(Stored items from a collection)
--------------------------------------------------

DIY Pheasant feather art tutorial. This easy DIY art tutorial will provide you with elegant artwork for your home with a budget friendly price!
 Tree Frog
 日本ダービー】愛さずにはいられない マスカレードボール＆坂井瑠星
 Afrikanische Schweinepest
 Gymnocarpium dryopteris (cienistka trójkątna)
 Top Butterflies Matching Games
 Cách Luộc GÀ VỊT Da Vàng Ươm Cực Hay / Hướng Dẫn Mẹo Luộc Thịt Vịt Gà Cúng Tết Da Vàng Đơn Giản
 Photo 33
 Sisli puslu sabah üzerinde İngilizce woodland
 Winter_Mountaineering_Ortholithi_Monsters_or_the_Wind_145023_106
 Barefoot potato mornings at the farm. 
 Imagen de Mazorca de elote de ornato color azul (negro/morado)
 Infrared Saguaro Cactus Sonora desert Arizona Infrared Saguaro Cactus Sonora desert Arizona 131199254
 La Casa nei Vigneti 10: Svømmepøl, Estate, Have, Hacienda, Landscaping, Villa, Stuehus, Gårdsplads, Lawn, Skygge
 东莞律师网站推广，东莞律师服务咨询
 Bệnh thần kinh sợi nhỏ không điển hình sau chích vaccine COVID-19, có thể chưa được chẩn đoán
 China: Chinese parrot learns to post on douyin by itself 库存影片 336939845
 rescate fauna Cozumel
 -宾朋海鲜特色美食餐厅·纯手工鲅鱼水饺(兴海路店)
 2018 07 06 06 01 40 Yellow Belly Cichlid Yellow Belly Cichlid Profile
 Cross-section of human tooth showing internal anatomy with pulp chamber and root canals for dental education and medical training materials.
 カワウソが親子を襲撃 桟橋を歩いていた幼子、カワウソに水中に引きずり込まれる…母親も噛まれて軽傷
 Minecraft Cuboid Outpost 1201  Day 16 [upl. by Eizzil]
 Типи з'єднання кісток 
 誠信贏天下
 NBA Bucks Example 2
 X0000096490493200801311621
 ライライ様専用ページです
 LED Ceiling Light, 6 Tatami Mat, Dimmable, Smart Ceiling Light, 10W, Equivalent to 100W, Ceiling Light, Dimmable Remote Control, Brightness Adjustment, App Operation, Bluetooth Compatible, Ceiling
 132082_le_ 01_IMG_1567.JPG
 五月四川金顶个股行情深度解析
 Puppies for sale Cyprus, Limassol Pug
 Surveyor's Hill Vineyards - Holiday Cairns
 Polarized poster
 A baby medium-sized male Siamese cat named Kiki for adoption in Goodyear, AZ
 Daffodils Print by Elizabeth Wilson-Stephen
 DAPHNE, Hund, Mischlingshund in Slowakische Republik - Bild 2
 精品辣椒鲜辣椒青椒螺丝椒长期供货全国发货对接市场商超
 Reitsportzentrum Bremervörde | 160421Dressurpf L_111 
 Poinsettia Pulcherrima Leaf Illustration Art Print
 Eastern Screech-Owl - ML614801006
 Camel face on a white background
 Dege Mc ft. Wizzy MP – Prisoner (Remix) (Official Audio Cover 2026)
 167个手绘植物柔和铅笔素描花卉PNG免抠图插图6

--------------------------------------------------

TASK TO COMPLETE »
The exact wording of every entry above should be written out again.

RESPONSE BOX »
DIY Pheasant feather art tutorial. This easy DIY art tutorial will provide you with elegant artwork for your home with a budget friendly price!
 Tree Frog
 日本ダービー】愛さずにはいられない マスカレードボール＆坂井瑠星
 Afrikanische Schweinepest
 Gymnocarpium dryopteris (cienistka trójkątna)
 Top Butterflies Matching Games
 Cách Luộc GÀ VỊT Da Vàng Ươm Cực Hay / Hướng Dẫn Mẹo Luộc Thịt Vịt Gà Cúng Tết Da Vàng Đơn Giản
 Photo 33
 Sisli puslu sabah üzerinde İngilizce woodland
 Winter_Mountaineering_Ortholithi_Monsters_or_the_Wind_145023_106
 Barefoot potato mornings at the farm. 
 Imagen de Mazorca de elote de ornato color azul (negro/morado)
 Infrared Saguaro Cactus Sonora desert Arizona Infrared Saguaro Cactus Sonora desert Arizona 131199254
 La Casa nei Vigneti 10: Svømmepøl, Estate, Have, Hacienda, Landscaping, Villa, Stuehus, Gårdsplads, Lawn, Skygge
 东莞律师网站推广，东莞律师服务咨询
 Bệnh thần kinh sợi nhỏ không điển hình sau chích vaccine COVID-19, có thể chưa được chẩn đoán
 China: Chinese parrot learns to post on douyin by itself 库存影片 336939845
 rescate fauna Cozumel
 -宾朋海鲜特色美食餐厅·纯手工鲅鱼水饺(兴海路店)
 2018 07 06 06 01 40 Yellow Belly Cichlid Yellow Belly Cichlid Profile
 Cross-section of human tooth showing internal anatomy with pulp chamber and root canals for dental education and medical training materials.
 カワウソが親子を襲撃 桟橋を歩いていた幼子、カワウソに水中に引きずり込まれる…母親も噛まれて軽傷
 Minecraft Cuboid Outpost 1201  Day 16 [upl. by Eizzil]
 Типи з'єднання кісток 
 誠信贏天下
 NBA Bucks Example 2
 X0000096490493200801311621
 ライライ様専用ページです
 LED Ceiling Light, 6 Tatami Mat, Dimmable, Smart Ceiling Light, 10W, Equivalent to 100W, Ceiling Light, Dimmable Remote Control, Brightness Adjustment, App Operation, Bluetooth Compatible, Ceiling
 132082_le_ 01_IMG_1567.JPG
 五月四川金顶个股行情深度解析
 Puppies for sale Cyprus, Limassol Pug
 Surveyor's Hill Vineyards - Holiday Cairns
 Polarized poster
 A baby medium-sized male Siamese cat named Kiki for adoption in Goodyear, AZ
 Daffodils Print by Elizabeth Wilson-Stephen
 DAPHNE, Hund, Mischlingshund in Slowakische Republik - Bild 2
 精品辣椒鲜辣椒青椒螺丝椒长期供货全国发货对接市场商超
 Reitsportzentrum Bremervörde | 160421Dressurpf L_111 
 Poinsettia Pulcherrima Leaf Illustration Art Print
 Eastern Screech-Owl - ML614801006
 Camel face on a white background
 Dege Mc ft. Wizzy MP – Prisoner (Remix) (Official Audio Cover 2026)
 167个手绘植物柔和铅笔素描花卉PNG免抠图插图6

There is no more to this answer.